Task to complete: In the following material, identify every line holding the string "Small" and return it.

Records provided:

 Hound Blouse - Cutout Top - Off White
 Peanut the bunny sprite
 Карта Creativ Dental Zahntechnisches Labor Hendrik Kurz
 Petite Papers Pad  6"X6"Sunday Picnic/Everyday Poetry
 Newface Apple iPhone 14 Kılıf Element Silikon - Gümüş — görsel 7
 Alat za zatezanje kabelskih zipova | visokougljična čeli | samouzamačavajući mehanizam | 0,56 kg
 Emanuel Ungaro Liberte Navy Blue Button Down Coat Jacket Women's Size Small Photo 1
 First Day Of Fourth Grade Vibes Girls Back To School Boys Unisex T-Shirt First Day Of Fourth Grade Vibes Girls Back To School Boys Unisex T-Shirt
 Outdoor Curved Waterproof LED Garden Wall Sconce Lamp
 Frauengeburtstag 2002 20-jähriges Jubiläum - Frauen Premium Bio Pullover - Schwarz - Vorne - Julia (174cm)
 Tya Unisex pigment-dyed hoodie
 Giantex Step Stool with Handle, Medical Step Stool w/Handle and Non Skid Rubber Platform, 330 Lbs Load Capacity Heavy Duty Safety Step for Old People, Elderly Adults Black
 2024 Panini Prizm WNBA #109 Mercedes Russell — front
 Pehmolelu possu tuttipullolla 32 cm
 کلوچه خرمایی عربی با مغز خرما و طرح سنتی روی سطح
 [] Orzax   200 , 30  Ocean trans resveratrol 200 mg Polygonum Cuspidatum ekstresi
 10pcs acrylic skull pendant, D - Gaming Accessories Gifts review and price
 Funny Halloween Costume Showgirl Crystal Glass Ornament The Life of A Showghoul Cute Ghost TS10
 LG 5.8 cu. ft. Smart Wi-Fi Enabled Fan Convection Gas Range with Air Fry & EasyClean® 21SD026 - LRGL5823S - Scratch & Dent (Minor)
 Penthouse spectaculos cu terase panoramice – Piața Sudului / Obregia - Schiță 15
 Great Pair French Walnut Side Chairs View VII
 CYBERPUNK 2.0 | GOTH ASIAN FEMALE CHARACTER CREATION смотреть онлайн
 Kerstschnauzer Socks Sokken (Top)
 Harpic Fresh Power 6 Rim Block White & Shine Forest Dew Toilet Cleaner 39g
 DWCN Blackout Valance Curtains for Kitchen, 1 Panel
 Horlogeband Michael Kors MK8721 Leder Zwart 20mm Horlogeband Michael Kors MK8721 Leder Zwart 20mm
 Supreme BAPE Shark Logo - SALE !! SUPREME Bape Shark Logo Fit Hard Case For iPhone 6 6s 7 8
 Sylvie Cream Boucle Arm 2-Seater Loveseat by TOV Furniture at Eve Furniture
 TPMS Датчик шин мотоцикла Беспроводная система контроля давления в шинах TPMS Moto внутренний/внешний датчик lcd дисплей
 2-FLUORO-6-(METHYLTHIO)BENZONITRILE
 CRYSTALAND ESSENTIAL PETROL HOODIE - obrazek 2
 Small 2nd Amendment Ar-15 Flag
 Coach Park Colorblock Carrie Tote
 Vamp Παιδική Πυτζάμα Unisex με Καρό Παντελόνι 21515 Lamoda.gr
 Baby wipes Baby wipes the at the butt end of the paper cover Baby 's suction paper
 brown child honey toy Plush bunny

Reply:
 Emanuel Ungaro Liberte Navy Blue Button Down Coat Jacket Women's Size Small Photo 1
 Small 2nd Amendment Ar-15 Flag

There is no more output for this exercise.